Accordingly, there exists a need for a system and method for visually depicting multiple dimensions of data at one time using shapes and their attributes for visualization in a manner as to optimize ease of readability and understanding.
SUMMARY OF THE INVENTIONAccording to one aspect there is provided a computer-implemented method for visualizing multi-dimensional data on a user interface of a computing device, each dimension of the data having a plurality of dimension values, the method comprising: receiving mapping information defining at least one mapping between each potential dimension of the data to a corresponding shape attribute; generating, for each dimension of the data, a plurality of visual markers in response to varying a pre-defined visual characteristic of the corresponding shape attribute from a baseline shape for the characteristic, the plurality of visual markers configured for representing the dimension values of the dimension and each of the visual markers varying a pre-defined measure from the baseline shape; defining, for each dimension of the data, a link between each visual marker associated with the corresponding shape attribute with each potential dimension value of the plurality of dimension values, the link defined in response to pre-defined criteria; and representing each dimension value of each dimension of the multi-dimensional data with the linked visual marker and concatenating the plurality of visual markers corresponding to each of the different dimensions of the multi-dimensional data and associated dimension values to form a singular visual object for visualizing the multi-dimensional data and associated dimension values.
The method further comprises: receiving input on the user interface from a user of the device for allowing one or more of defining the mapping information; modifying the mapping information; selecting the visual characteristic; and selecting the pre-defined criteria for determining the link between each visual marker and a selected dimension value of the data. In one aspect, concatenating the visual markers from each of the dimensions of data and associated values comprises presenting each visual marker corresponding to a different data dimension in a different visual dimension. In another aspect, the visual object is displayed as one of a two-dimensional or a three-dimensional object. In yet another aspect, the shape attributes are selected from the group comprising: closure, curvature, corner angle, edge type, corner type, end type, notch, bump, whiskers, holes, intersection, and local warp. In yet another aspect, wherein the visual characteristics of the shape attributes are selected from the group comprising: degree of closure, amplitude, skew, bulge, degree of angle, amplitude, frequency, size, width, depth, density, length, number, number of spokes of an intersection, and factor. In yet another aspect, the visual characteristics of the shape attributes are selected from the group comprising: closed closure, open closure, degrees of curvature, straight edge, spiky edge, sharp corner, round corner, serif corner, serif end type, dot end type, v-shaped notch, half-round notch, sloping whiskers, amount of whiskers, shape of holes, number of holes, shear of warp, twist of warp, bulge of warp, and shape of notch. In yet another aspect, each visual marker of the visual markers connected together to form the visual object represents different dimensions of the multi-dimensional data and is visually displayed in different quadrants of the user interface.
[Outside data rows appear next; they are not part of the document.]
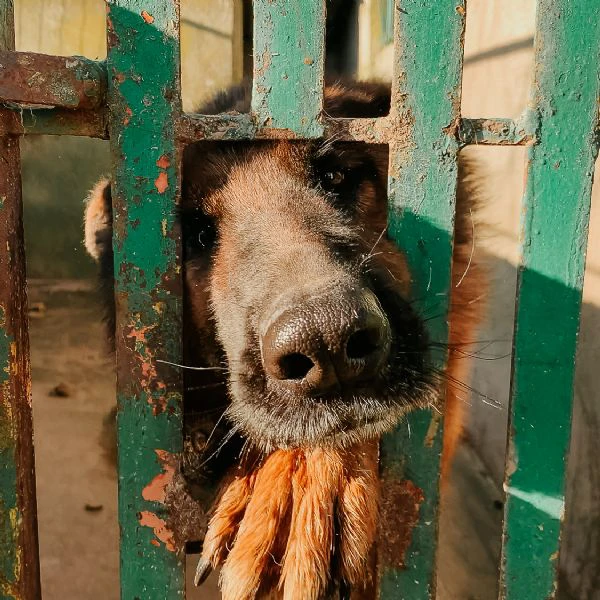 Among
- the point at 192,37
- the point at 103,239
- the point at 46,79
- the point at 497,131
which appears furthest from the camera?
the point at 192,37

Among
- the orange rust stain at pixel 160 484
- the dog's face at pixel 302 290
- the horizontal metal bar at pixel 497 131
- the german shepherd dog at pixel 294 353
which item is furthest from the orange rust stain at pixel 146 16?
the orange rust stain at pixel 160 484

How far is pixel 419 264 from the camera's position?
5.54 ft

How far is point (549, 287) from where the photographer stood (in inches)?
66.3

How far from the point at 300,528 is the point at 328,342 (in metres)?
0.60

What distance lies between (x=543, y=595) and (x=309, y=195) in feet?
4.49

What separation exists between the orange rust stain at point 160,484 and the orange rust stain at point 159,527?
0.14 feet

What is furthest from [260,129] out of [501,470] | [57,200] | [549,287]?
[57,200]

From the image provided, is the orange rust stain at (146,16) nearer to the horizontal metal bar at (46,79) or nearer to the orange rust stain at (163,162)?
the horizontal metal bar at (46,79)

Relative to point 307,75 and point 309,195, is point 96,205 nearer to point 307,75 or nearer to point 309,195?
point 309,195

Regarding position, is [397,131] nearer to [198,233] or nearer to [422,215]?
[422,215]

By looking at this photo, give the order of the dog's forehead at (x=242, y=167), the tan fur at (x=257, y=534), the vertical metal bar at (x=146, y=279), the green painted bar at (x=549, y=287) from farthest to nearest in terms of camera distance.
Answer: the dog's forehead at (x=242, y=167), the tan fur at (x=257, y=534), the green painted bar at (x=549, y=287), the vertical metal bar at (x=146, y=279)

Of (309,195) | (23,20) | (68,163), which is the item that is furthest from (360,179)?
(23,20)

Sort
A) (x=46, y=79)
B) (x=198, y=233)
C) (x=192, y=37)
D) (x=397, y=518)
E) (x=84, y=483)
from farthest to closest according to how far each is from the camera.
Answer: (x=192, y=37), (x=84, y=483), (x=198, y=233), (x=397, y=518), (x=46, y=79)

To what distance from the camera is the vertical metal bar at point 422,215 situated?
5.20 feet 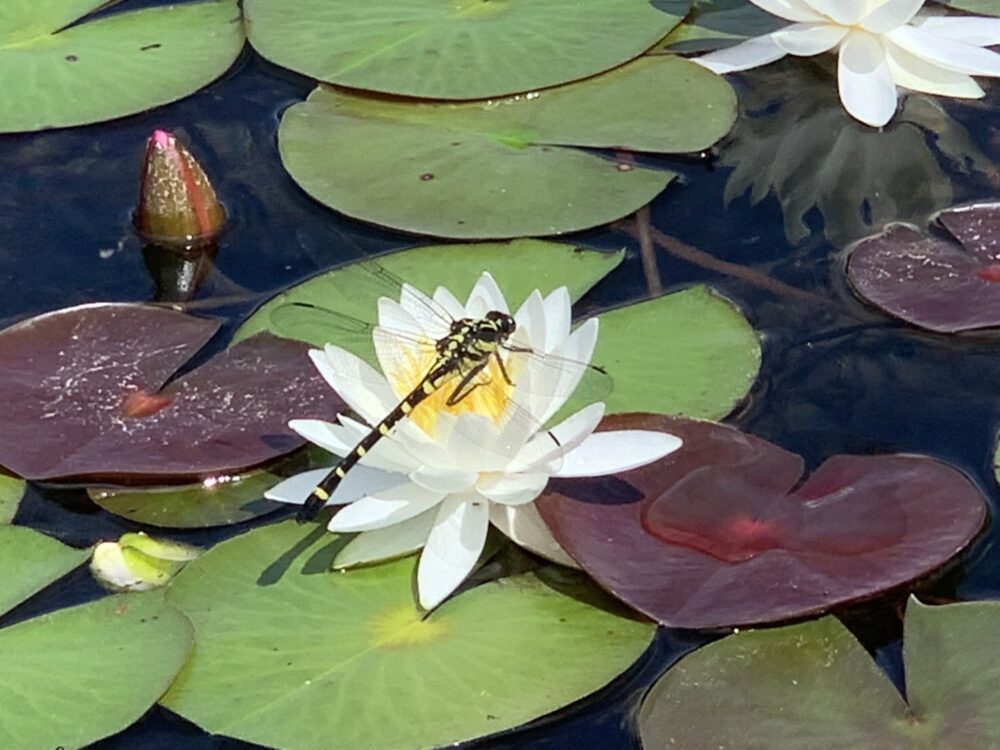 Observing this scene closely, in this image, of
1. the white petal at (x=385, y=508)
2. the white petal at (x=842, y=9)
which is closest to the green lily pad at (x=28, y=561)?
the white petal at (x=385, y=508)

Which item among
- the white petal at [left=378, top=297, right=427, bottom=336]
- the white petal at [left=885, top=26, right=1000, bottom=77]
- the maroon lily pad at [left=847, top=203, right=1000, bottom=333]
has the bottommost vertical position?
the maroon lily pad at [left=847, top=203, right=1000, bottom=333]

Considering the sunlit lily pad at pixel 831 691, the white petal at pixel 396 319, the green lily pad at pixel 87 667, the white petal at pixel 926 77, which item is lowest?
the green lily pad at pixel 87 667

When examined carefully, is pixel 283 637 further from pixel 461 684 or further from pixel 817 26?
pixel 817 26

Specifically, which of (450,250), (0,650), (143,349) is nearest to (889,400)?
(450,250)

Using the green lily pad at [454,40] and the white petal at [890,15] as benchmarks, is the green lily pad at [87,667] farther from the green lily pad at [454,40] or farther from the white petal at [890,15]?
the white petal at [890,15]

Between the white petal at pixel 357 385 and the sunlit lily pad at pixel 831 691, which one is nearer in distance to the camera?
the sunlit lily pad at pixel 831 691

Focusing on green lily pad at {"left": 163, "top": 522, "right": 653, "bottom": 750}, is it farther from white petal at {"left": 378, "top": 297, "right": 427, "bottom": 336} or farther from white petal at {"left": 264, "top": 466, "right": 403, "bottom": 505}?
white petal at {"left": 378, "top": 297, "right": 427, "bottom": 336}

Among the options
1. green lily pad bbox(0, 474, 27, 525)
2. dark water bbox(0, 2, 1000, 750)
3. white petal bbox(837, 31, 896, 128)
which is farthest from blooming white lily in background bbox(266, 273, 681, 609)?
white petal bbox(837, 31, 896, 128) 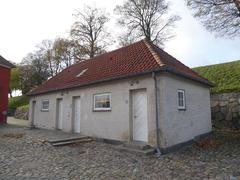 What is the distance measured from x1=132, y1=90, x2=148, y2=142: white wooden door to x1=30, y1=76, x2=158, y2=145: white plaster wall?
0.26m

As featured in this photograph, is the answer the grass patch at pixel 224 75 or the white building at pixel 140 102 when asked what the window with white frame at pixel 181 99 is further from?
the grass patch at pixel 224 75

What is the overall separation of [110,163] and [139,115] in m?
2.96

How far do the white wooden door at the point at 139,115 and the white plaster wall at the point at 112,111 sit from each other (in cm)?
26

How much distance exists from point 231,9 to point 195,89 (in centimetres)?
571

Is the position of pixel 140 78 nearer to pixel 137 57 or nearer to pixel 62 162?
pixel 137 57

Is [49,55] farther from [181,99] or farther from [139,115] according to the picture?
[181,99]

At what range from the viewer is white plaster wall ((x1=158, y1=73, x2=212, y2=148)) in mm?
7984

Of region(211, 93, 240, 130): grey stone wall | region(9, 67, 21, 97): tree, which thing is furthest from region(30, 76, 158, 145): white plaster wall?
region(9, 67, 21, 97): tree

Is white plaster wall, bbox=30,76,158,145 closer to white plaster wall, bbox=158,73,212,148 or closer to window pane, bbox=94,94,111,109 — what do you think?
window pane, bbox=94,94,111,109

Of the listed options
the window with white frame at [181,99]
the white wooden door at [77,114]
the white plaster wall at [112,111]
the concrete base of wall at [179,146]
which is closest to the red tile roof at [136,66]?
the white plaster wall at [112,111]

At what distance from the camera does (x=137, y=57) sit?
10.5 m

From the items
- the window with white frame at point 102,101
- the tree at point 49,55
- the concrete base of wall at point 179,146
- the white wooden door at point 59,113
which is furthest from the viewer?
the tree at point 49,55

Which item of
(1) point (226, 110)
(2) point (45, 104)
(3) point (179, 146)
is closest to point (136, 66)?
(3) point (179, 146)

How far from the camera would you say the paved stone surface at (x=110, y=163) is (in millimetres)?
5324
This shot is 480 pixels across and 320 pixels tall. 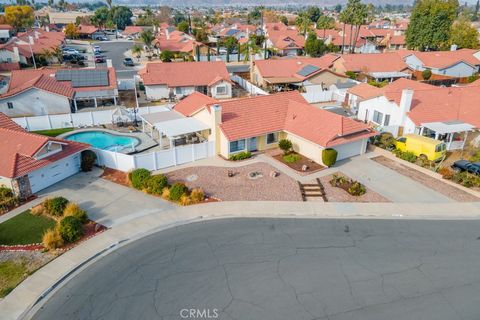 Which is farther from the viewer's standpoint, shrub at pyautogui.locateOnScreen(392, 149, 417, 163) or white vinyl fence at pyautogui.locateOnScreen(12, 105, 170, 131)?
white vinyl fence at pyautogui.locateOnScreen(12, 105, 170, 131)

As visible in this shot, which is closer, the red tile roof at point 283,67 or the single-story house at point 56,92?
the single-story house at point 56,92

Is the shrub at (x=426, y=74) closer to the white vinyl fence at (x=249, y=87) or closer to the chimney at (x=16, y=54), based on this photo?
the white vinyl fence at (x=249, y=87)

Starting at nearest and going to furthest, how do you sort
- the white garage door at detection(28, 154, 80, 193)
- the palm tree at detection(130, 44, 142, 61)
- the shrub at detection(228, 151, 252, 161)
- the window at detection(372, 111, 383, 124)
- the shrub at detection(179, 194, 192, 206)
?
the shrub at detection(179, 194, 192, 206)
the white garage door at detection(28, 154, 80, 193)
the shrub at detection(228, 151, 252, 161)
the window at detection(372, 111, 383, 124)
the palm tree at detection(130, 44, 142, 61)

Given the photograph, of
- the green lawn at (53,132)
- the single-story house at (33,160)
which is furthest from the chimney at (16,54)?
the single-story house at (33,160)

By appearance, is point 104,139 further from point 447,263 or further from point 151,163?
point 447,263

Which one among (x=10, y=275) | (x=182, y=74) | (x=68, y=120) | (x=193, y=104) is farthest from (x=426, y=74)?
(x=10, y=275)

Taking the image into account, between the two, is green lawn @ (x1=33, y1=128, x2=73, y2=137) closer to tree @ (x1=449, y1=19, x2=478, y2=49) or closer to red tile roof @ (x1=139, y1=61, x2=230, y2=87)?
red tile roof @ (x1=139, y1=61, x2=230, y2=87)

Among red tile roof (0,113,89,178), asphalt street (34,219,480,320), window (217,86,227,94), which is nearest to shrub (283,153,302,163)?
asphalt street (34,219,480,320)

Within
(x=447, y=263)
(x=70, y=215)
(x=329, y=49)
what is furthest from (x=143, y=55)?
(x=447, y=263)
In an alternative, aspect, the mapping information is configured to define that each dimension of the multi-dimensional data is mapped to different shape attributes of a plurality of shape attributes such that the singular visual object depicting the multi-dimensional data comprises visual markers associated with the plurality of shape attributes.
In yet another aspect, the corresponding shape attribute is selected in dependence upon a type of the potential dimension values for the dimension such that the corresponding shape attribute is associated for defining either categorical data having discrete potential dimension values or quantitative data having a range of potential dimension values.
In yet another aspect, the visual markers corresponding to different dimensions of the multi-dimensional data are generated from the same corresponding shape attribute having different visual characteristics.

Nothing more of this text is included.